Her prayer is echoed in suburban neighborhoods around the country, where the crime rate is far below what it is in big cities. These are quiet towns where people have been used to casually leaving their doors unlocked and sending their children out to play alone. This fall there are fewer of those simple acts of faith in community safety. Angie Housman was kidnapped as she got off her school bus; Cassidy Senter was grabbed on her way to a friend’s house. In one of the most highly publicized cases, 12-year-old Polly Klaas of Petaluma, Calif., was kidnapped from her bedroom during a slumber party on Oct. 1. Last week a 39-year-old career criminal was charged with her murder after he led police to her body. Hundreds of miles south, in Los Angeles’s San Fernando Valley neighborhoods, a voracious child molester has attacked 32 children since February. Many of the victims, some as young as 5, were assaulted as they walked to school.
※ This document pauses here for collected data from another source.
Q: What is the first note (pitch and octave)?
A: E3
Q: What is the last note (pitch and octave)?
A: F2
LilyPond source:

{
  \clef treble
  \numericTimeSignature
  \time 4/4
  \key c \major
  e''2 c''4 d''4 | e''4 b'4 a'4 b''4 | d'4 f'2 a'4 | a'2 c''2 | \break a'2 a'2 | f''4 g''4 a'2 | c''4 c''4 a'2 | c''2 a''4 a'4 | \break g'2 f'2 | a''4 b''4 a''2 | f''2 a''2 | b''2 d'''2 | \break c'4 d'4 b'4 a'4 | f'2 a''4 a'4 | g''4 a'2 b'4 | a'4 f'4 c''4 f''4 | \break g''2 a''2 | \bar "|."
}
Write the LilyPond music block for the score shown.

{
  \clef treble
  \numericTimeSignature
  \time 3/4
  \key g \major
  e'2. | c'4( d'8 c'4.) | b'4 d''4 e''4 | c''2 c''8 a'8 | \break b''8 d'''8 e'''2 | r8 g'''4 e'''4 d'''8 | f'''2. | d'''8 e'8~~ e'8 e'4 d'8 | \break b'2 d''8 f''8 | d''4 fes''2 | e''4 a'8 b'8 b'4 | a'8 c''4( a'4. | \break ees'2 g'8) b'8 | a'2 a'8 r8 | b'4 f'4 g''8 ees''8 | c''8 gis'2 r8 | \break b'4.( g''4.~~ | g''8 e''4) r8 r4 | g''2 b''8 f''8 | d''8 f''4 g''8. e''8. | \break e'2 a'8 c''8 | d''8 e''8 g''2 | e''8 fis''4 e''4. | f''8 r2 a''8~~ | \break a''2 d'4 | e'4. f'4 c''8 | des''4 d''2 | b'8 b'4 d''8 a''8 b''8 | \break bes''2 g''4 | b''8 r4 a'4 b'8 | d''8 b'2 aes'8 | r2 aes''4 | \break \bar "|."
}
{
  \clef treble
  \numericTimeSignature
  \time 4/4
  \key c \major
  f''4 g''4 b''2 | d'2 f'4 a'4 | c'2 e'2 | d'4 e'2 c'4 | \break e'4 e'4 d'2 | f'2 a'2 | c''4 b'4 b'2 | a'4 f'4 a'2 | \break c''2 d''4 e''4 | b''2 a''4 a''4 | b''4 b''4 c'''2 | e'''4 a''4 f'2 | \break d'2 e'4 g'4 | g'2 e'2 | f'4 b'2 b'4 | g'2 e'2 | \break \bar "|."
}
Of course, violence in the suburbs is not new. Many of the St. Louis-area parents now sheltering their children were kept indoors themselves during the 1957-58 Great Plains killing spree of Charles Starkweather. But the sense of suburb as sanctuary endures, and news of the vicious killings and attacks on young children, blasted across front pages and on the evening Dews, came as a shock. “It’s very creepy to walk these streets,” says Chris Waddell, who has lived in Hazlewood, Cassidy Senter’s hometown, for 25 years. “It feels like we’ve been scarred.” Normally, as she takes her daily hike around the neighborhood, Waddell can hear the shouts and laughter of children playing in their yards. But now the streets are silent. The flag flies at half-mast at Cassidy’s school, Garrett Elementary. There are pink ribbons on mailboxes, front doors, signposts, churches and fire stations. Pink was Cassidy’s favorite color; she was wearing a pink sweater when she died. St. Ann Police Chief Robert Schrader keeps remembering how Angie’s two Barbie dolls were buried with her in her casket. “In New York City or Los Angeles, this may happen all the time,” he says, “but it does not happen here. it just makes us mad as hell.”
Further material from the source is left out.